# [Work instructions]
When you reach the line containing "Fluido Occhi Booster" in the data below, begin returning lines exactly as written, and stop once the line containing "Surfer Surfboard Hawaii" has been returned.

# [Data for this exercise]

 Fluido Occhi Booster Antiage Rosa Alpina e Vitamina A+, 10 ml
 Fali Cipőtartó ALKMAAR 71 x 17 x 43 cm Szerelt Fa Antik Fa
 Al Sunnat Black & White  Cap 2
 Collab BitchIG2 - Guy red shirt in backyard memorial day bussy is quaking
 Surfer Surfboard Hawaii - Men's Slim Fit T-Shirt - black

--

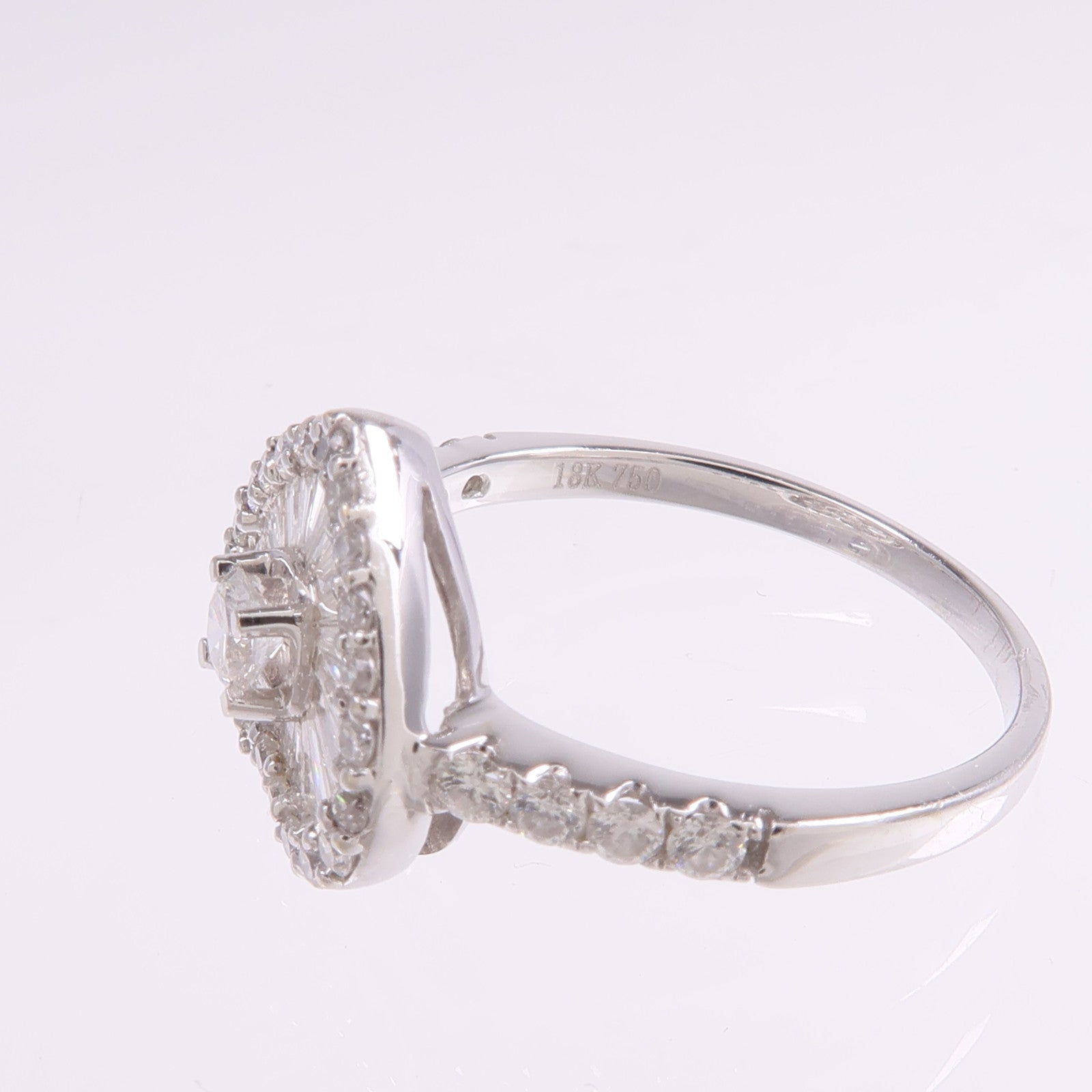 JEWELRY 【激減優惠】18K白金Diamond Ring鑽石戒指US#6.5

# [Answer section]
 Fluido Occhi Booster Antiage Rosa Alpina e Vitamina A+, 10 ml
 Fali Cipőtartó ALKMAAR 71 x 17 x 43 cm Szerelt Fa Antik Fa
 Al Sunnat Black & White  Cap 2
 Collab BitchIG2 - Guy red shirt in backyard memorial day bussy is quaking
 Surfer Surfboard Hawaii - Men's Slim Fit T-Shirt - black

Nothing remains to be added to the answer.